-1

I'm trying to make a regular expression that change all common incorrect comma formating to a correct one in a text file - don't want to find correct comma formating.

Finds a comma that has at least one space before and any after (edited: changed * to +, typo):

/ +, */

Finds a comma that do not have any space after:

/,(?! )(?!\n)/

Finds a comma that has more than one space after:

/,  +/

Combination:

/ +, *|,(?! )(?!\n)|,  +/

In addition I don't want it to match text stings at all. A code that uses a sting that have " or ' before and after:

"," "hjsdh,hjj,jhj"
',' 'asjj,'

How to make a combo of these?

The find should be replaced by a correct comma (a comma and a space).

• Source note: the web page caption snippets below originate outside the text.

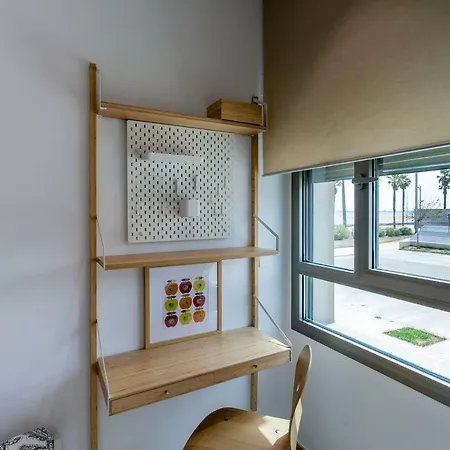 Apartup Patacona Select * فالنسيا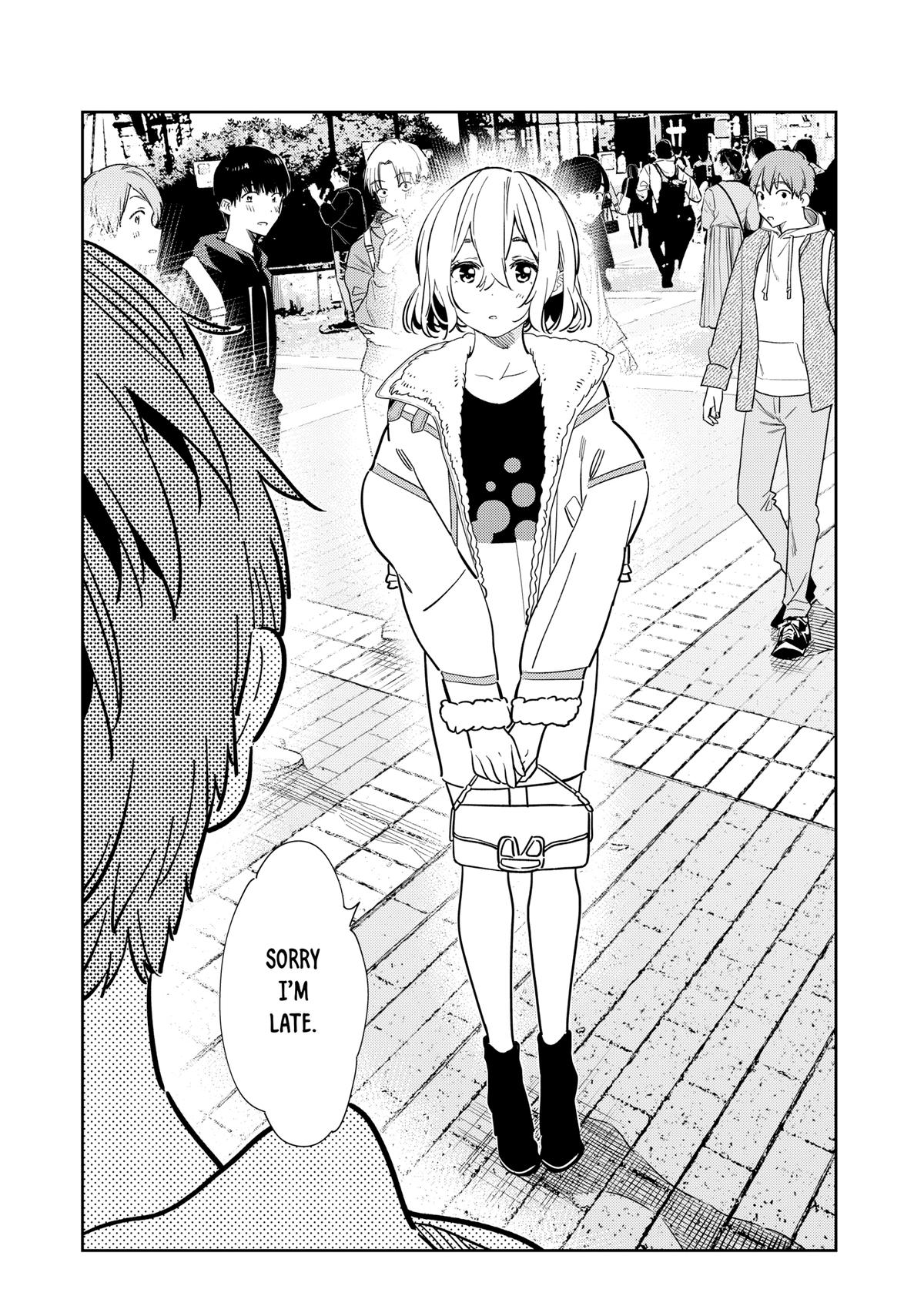 Rent-A-Girlfriend Chapter 263 - Page 4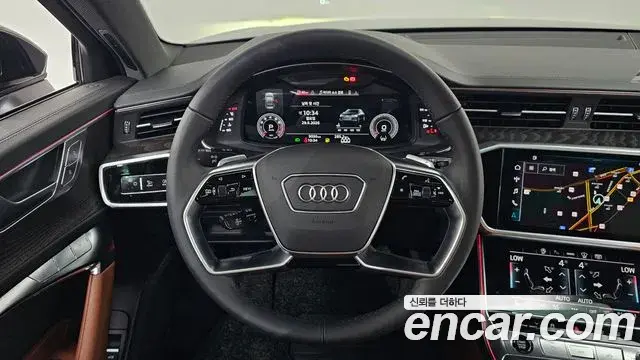 Audi A6 2023 — Photo 12/38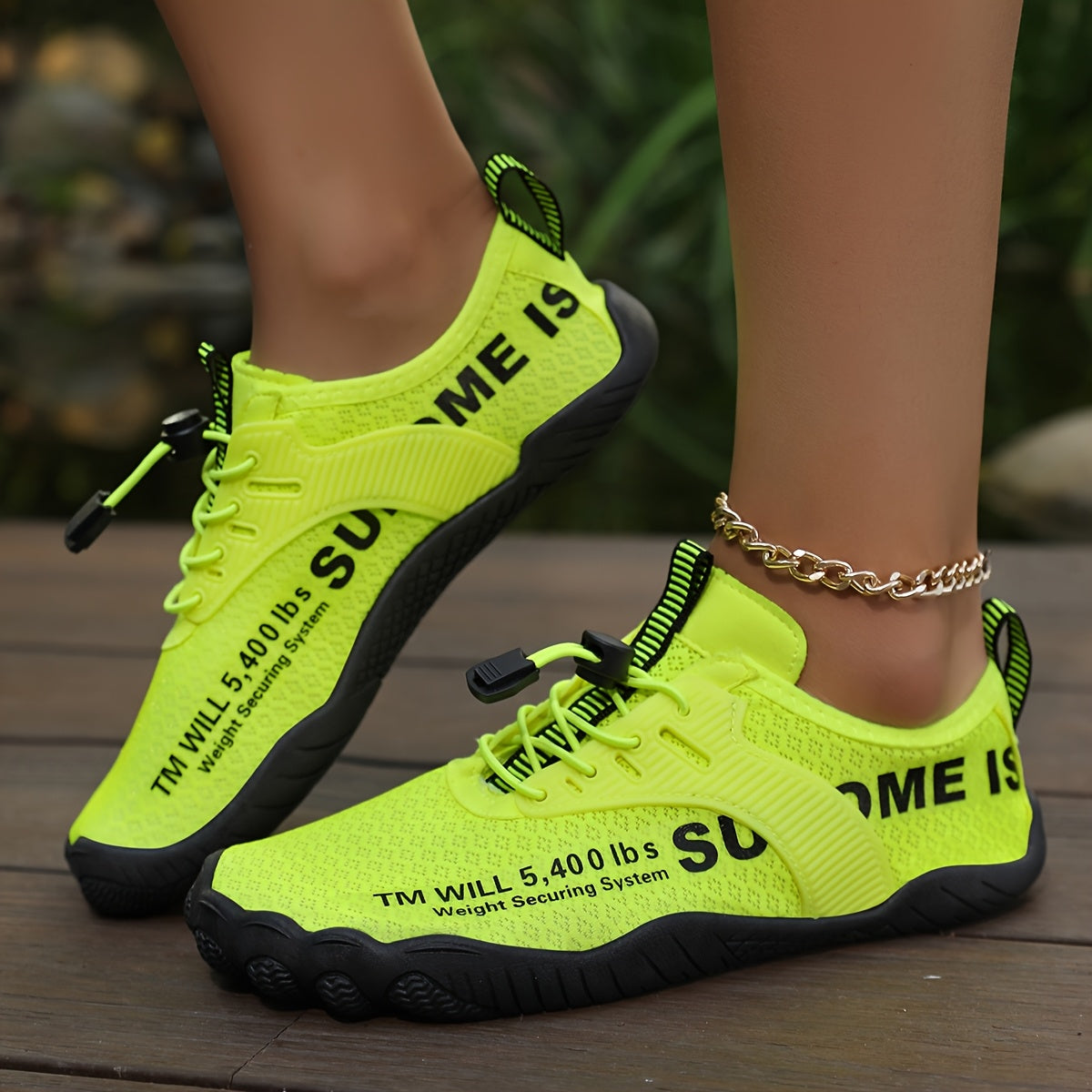 Dames Lichtgewicht Waterschoenen – Sneldrogend & Anti‑Slip voor Strand, Zwemmen & Outdoor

Examples of incorrect comma formating:

#,#
# ,#
#,  #
#  , #
JasonMArcher
  • 14,195
  • 22
  • 56
  • 52
LeoD3
  • 195
  • 10
  • 1
    Why bothering with correct commas overall? ` *, *` will match it all, you just replace with `, ` – Kilazur May 27 '14 at 09:56
  • what do you mean not find strings with just a comma? your entire file is a string. You mean a line with just a comma? – nl-x May 27 '14 at 09:58
  • which IDE are you using ? – nl-x May 27 '14 at 09:59
  • Why bother with anything at all? I want text users read to be correct. I want to make pretty-print code snippets. – LeoD3 May 27 '14 at 09:59
  • @LeoD3 I edited to be clearer. – Kilazur May 27 '14 at 09:59
  • I don't want to change stings used in the code that just contains a comma. Edited my text to be more clear. – LeoD3 May 27 '14 at 10:02
  • `/ *, */` will match a comma preceded by *any* number of spaces, *including* zero. You probably want something like `\s+`, and you should probably read some [regex documentation](http://perldoc.perl.org/perlre.html). – Biffen May 27 '14 at 10:02
  • Ah I knew someone would say: read the documentation. Someone always say. I have read it. But yes, you are right, if I spend many many more hours reading it I probably would find an better answer. But can't you do that for most questions on this site? – LeoD3 May 27 '14 at 10:04
  • I didn't want to trigger correct commas, so I could see how many that where incorrect. But I guess I have to forget that. – LeoD3 May 27 '14 at 10:10
  • Wait... so your problem isn't correcting commas? it's counting incorrect ones? – OGHaza May 27 '14 at 10:14
  • @LeoD3 The fact that `*` means *zero* or more could have been learned by spending a *couple of minutes* reading the documentation. – Biffen May 27 '14 at 10:14
  • I knew that, I do use + in that code too. Just didn't want to find correct commas. – LeoD3 May 27 '14 at 10:21
  • @LeoD3 You didn't not seem to know that, since you say "Finds a comma that has *at least one space before*" and then use `*`. If a "correct" comma is one *not* preceded by spaces, then `+` is what you should use. – Biffen May 27 '14 at 10:31
  • Right you are, I used it on the other line but missed that one. Thanks. – LeoD3 May 27 '14 at 10:33
  • @LeoD3 You still haven't said (I think) what language it is that you want to clean up, but have you looked for an existing tool? Writing something like this without parsing the language by its rules is near impossible with just regex. Just consider comments, strings, heredocs, etc. – Biffen May 27 '14 at 10:41
  • Well I use a language few have heard of so I don't think it will help unfortunately. Only want to exclude "," and ',' and preferably correct commas (so if you use find/replace stepping forward in eclipse or notepad++, you wont see those). – LeoD3 May 27 '14 at 10:47
  • Changed the question somewhat, it didn't work before because of the * instead of the +. Still I want the match to ignore all text strings (starting and ending with " or '). How to do that? A similar question: http://stackoverflow.com/questions/6671196/regex-ignore-text-inside-quoted-strings-in-net – LeoD3 May 30 '14 at 09:17

2 Answers2

0

Find \s*,\s* and replace by #, #

This helps you?

0

Since it seems you want to be able to match just the incorrect commas, how about:

/( +, *|, {2,}|\b,\b)/
  • Matches a comma with any space in front of it
  • Matches a comma with more than 1 space after it
  • Matches a comma with a word character directly either side of it

There are many special cases you haven't specified how you'd want to handle though e.g. ",,," "1,200,000" ",hi" "hi,"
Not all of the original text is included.